He sank in a heap upon the couch, and, burying his face among its cushions, wept and groaned aloud. His collapse was absolute. He sobbed with the abandonment of one who, in the veritable presence of death, lets go all sense of relation to life.
Presently some one was touching him on the shoulder—an incisive, pointed touch—and he checked himself, and lifted his face.
“You will have to get up, and present some sort of an appearance, and go away at once,” Celia said to him in low, rapid tones. “Some gentlemen are at the door, whom I have been waiting for.”
As he stupidly sat up and tried to collect his faculties, Celia had opened the door and admitted two visitors. The foremost was Father Forbes; and he, with some whispered, smiling words, presented to her his companion, a tall, robust, florid man of middle-age, with a frock-coat and a gray mustache, sharply waxed. The three spoke for a moment together. Then the priest’s wandering eye suddenly lighted upon the figure on the sofa. He stared, knitted his brows, and then lifted them in inquiry as he turned to Celia.
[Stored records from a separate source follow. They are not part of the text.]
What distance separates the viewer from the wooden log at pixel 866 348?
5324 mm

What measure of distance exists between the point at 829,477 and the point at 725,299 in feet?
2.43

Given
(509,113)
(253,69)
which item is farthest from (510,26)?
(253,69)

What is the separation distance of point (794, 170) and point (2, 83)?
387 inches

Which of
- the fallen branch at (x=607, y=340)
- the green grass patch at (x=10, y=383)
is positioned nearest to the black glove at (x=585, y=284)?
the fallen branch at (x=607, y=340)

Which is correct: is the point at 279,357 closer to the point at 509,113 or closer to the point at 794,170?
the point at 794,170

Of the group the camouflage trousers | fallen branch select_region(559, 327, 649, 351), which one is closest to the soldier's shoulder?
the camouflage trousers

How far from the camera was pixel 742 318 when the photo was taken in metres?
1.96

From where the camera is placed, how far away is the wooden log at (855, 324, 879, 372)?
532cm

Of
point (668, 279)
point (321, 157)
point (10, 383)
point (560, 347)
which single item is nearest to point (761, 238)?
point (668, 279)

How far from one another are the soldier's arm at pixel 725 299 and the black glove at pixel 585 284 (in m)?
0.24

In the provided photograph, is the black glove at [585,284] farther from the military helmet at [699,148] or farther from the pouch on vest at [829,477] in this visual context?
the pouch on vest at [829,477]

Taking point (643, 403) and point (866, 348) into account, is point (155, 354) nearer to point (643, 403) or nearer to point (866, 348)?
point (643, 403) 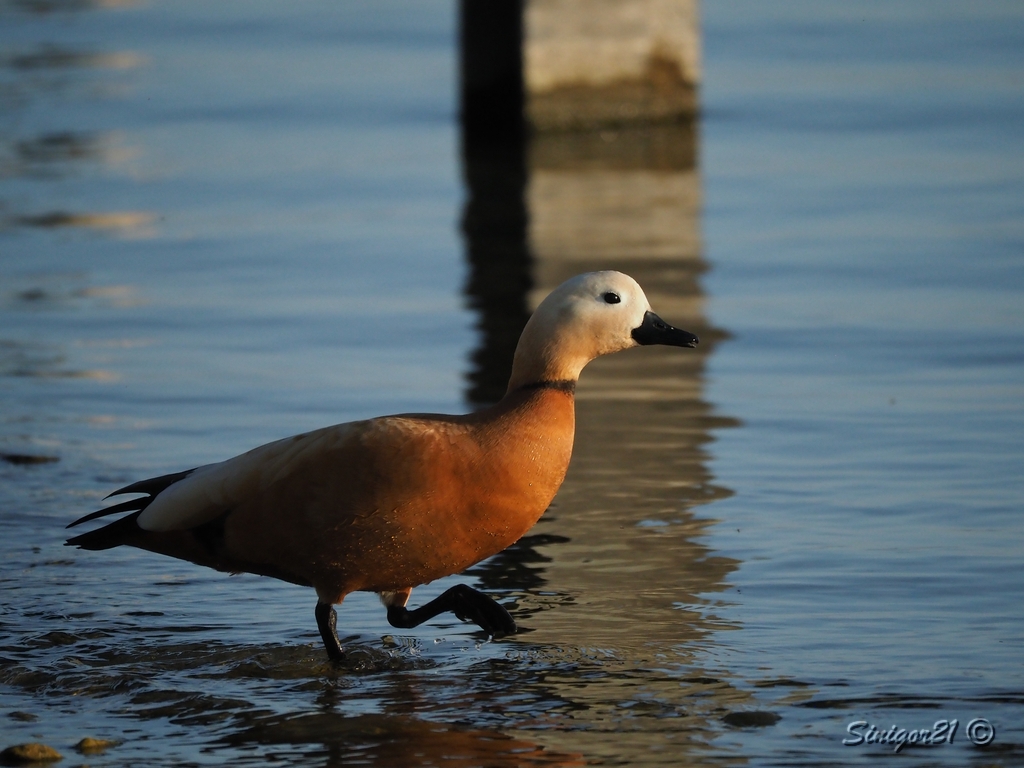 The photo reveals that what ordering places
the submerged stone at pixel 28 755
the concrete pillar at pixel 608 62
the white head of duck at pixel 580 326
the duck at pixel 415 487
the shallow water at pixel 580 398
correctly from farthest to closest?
the concrete pillar at pixel 608 62 → the white head of duck at pixel 580 326 → the duck at pixel 415 487 → the shallow water at pixel 580 398 → the submerged stone at pixel 28 755

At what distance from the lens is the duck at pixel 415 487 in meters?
5.79

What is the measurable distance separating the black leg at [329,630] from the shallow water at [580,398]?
0.24ft

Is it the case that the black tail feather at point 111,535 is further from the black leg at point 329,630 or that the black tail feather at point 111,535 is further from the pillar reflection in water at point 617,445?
the pillar reflection in water at point 617,445

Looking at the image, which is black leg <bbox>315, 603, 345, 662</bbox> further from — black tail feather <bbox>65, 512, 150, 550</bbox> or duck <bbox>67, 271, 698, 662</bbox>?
black tail feather <bbox>65, 512, 150, 550</bbox>

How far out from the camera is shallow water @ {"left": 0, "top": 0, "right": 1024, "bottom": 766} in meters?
5.69

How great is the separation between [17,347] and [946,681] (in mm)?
6411

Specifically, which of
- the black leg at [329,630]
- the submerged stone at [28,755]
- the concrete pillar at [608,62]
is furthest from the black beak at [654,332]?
the concrete pillar at [608,62]

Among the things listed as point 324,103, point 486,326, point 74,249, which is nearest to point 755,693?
point 486,326

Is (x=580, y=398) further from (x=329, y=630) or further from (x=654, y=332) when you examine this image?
(x=329, y=630)

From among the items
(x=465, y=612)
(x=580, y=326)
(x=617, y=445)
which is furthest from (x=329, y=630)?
(x=617, y=445)

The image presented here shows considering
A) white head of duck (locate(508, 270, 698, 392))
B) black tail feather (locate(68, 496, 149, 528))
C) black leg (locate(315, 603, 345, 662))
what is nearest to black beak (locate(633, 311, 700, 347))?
white head of duck (locate(508, 270, 698, 392))

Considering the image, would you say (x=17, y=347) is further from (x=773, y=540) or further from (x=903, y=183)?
(x=903, y=183)

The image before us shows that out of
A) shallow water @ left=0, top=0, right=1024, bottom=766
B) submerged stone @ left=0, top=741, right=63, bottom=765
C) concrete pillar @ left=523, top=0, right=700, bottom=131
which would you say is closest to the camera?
submerged stone @ left=0, top=741, right=63, bottom=765

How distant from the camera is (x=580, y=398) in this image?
9.29m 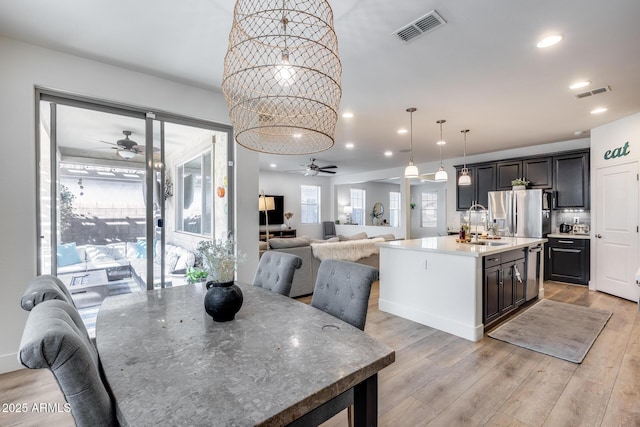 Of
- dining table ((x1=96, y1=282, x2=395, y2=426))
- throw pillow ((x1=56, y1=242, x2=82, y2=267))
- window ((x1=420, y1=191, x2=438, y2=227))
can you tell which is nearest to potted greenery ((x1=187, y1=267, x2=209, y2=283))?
throw pillow ((x1=56, y1=242, x2=82, y2=267))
“Poor man!” she said readily, in tones loud enough to reach Theron. “It is our neighbor, Father, the Rev. Mr. Ware. He hit upon my name in the register quite unexpectedly, and I had him come up. He is in sore distress—a great and sudden bereavement. He is going now. Won’t you speak to him in the hall—a few words, Father? It would please him. He is terribly depressed.”
The words had drawn Theron to his feet, as by some mechanical process. He took up his hat and moved dumbly to the door. It seemed to him that Celia intended offering to shake hands; but he went past her with only some confused exchange of glances and a murmured word or two. The tall stranger, who drew aside to let him pass, had acted as if he expected to be introduced. Theron, emerging into the hall, leaned against the wall and looked dreamily at the priest, who had stepped out with him.
“I am very sorry to learn that you are in trouble, Mr. Ware,” Father Forbes said, gently enough, but in hurried tones. “Miss Madden is also in trouble. I mentioned to you that her brother had got into a serious scrape. I have brought my old friend, General Brady, to consult with her about the matter. He knows all the parties concerned, and he can set things right if anybody can.”
“It’s a mistake about me—I ’m not in any trouble at all,” said Theron. “I just dropped in to make a friendly call.”
The priest glanced sharply at him, noting with a swift, informed scrutiny how he sprawled against the wall, and what vacuity his eyes and loosened lips expressed.
“Then you have a talent for the inopportune amounting to positive genius,” said Father Forbes, with a stormy smile.
“Tell me this, Father Forbes,” the other demanded, with impulsive suddenness, “is it true that you don’t want me in your house again? Is that the truth or not?”